Work task: The listing below holds a line with "VELTUFF REFLEX HI-VIS" and a later line with "Rolli 9-in-1 Convertible". Write out those two lines and every line between them, exactly, and nothing else.
* * * * * * * * *
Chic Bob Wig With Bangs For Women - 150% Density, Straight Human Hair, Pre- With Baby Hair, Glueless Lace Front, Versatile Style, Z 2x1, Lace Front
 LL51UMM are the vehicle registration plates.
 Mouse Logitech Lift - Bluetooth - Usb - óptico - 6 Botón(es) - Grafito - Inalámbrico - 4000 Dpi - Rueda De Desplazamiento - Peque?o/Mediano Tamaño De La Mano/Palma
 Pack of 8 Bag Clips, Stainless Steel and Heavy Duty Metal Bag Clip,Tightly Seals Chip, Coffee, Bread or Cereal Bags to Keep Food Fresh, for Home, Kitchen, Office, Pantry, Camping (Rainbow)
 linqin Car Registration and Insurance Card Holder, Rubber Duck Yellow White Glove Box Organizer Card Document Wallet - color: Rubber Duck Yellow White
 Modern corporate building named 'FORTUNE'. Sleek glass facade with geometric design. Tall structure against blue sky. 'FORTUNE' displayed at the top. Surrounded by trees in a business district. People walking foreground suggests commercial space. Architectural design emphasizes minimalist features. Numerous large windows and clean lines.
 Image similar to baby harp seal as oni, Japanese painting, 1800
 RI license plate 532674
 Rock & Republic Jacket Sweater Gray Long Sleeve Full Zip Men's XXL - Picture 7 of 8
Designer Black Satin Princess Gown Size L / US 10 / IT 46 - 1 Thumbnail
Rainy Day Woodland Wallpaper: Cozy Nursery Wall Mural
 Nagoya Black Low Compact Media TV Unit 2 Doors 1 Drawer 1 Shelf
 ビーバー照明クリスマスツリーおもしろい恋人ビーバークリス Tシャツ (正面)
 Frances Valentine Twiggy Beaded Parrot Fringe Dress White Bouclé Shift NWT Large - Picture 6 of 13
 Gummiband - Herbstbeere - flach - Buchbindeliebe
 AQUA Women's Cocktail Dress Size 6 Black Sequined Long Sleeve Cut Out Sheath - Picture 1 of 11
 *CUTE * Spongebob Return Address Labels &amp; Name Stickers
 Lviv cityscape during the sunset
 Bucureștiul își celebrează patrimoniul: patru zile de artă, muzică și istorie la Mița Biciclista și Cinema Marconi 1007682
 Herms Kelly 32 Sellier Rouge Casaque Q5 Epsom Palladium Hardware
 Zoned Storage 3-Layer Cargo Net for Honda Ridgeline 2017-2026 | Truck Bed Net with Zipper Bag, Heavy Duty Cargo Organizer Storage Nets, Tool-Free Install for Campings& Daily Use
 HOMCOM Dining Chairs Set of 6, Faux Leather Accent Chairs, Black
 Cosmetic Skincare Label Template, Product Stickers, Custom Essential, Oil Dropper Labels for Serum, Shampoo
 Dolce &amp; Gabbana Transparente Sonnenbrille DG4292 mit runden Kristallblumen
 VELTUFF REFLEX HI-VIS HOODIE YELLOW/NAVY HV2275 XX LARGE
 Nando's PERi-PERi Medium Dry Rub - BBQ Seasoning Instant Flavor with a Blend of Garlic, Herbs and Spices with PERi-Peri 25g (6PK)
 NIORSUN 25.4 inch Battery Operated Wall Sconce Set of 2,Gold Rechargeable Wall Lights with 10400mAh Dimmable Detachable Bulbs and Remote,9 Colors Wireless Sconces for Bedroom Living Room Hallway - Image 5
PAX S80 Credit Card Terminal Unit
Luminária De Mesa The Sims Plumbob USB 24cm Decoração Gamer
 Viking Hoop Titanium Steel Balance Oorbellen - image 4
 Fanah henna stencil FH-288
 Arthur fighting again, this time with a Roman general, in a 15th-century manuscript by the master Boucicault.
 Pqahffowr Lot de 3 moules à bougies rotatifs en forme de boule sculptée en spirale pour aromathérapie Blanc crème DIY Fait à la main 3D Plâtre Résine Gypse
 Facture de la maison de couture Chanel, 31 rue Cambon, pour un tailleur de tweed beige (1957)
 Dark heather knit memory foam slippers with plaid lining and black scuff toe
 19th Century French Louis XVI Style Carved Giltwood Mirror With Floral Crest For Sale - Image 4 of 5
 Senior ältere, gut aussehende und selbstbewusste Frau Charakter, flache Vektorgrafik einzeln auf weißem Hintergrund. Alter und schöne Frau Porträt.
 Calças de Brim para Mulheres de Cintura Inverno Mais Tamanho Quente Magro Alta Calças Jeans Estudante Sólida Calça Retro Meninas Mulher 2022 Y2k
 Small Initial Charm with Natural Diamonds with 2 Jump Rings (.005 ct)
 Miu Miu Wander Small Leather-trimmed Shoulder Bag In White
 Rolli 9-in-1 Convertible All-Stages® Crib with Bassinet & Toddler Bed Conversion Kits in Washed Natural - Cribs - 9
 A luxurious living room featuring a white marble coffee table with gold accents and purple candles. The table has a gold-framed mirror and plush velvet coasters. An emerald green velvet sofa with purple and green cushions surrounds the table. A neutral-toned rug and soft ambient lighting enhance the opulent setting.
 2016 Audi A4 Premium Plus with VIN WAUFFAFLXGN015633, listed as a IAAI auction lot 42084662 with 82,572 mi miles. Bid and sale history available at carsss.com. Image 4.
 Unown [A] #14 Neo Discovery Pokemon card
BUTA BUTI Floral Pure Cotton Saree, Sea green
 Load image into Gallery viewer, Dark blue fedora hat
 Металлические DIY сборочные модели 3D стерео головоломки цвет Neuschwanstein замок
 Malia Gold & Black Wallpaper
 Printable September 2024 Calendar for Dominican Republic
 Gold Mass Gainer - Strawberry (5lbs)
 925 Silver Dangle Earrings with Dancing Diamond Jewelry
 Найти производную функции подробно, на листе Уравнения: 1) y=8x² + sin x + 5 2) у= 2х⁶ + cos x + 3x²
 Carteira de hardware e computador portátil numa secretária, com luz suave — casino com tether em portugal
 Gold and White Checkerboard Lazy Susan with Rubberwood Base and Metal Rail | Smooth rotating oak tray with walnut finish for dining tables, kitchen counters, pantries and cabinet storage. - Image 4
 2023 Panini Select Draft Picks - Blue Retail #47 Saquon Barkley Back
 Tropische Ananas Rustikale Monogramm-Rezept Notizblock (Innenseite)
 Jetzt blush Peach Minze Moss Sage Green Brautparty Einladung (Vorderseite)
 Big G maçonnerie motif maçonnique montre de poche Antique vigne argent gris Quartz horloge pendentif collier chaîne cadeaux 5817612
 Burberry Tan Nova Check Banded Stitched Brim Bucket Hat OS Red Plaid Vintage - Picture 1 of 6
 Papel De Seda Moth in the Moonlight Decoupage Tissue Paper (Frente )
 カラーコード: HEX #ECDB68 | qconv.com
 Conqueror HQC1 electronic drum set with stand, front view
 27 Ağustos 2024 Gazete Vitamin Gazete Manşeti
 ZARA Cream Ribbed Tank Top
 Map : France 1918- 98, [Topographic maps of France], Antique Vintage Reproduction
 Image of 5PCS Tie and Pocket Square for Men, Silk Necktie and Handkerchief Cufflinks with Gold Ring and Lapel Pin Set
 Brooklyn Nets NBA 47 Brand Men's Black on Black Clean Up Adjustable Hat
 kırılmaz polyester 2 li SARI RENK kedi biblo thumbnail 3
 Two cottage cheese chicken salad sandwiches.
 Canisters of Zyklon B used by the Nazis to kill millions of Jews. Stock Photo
* * * * * * * * *
Result for this task:
 VELTUFF REFLEX HI-VIS HOODIE YELLOW/NAVY HV2275 XX LARGE
 Nando's PERi-PERi Medium Dry Rub - BBQ Seasoning Instant Flavor with a Blend of Garlic, Herbs and Spices with PERi-Peri 25g (6PK)
 NIORSUN 25.4 inch Battery Operated Wall Sconce Set of 2,Gold Rechargeable Wall Lights with 10400mAh Dimmable Detachable Bulbs and Remote,9 Colors Wireless Sconces for Bedroom Living Room Hallway - Image 5
PAX S80 Credit Card Terminal Unit
Luminária De Mesa The Sims Plumbob USB 24cm Decoração Gamer
 Viking Hoop Titanium Steel Balance Oorbellen - image 4
 Fanah henna stencil FH-288
 Arthur fighting again, this time with a Roman general, in a 15th-century manuscript by the master Boucicault.
 Pqahffowr Lot de 3 moules à bougies rotatifs en forme de boule sculptée en spirale pour aromathérapie Blanc crème DIY Fait à la main 3D Plâtre Résine Gypse
 Facture de la maison de couture Chanel, 31 rue Cambon, pour un tailleur de tweed beige (1957)
 Dark heather knit memory foam slippers with plaid lining and black scuff toe
 19th Century French Louis XVI Style Carved Giltwood Mirror With Floral Crest For Sale - Image 4 of 5
 Senior ältere, gut aussehende und selbstbewusste Frau Charakter, flache Vektorgrafik einzeln auf weißem Hintergrund. Alter und schöne Frau Porträt.
 Calças de Brim para Mulheres de Cintura Inverno Mais Tamanho Quente Magro Alta Calças Jeans Estudante Sólida Calça Retro Meninas Mulher 2022 Y2k
 Small Initial Charm with Natural Diamonds with 2 Jump Rings (.005 ct)
 Miu Miu Wander Small Leather-trimmed Shoulder Bag In White
 Rolli 9-in-1 Convertible All-Stages® Crib with Bassinet & Toddler Bed Conversion Kits in Washed Natural - Cribs - 9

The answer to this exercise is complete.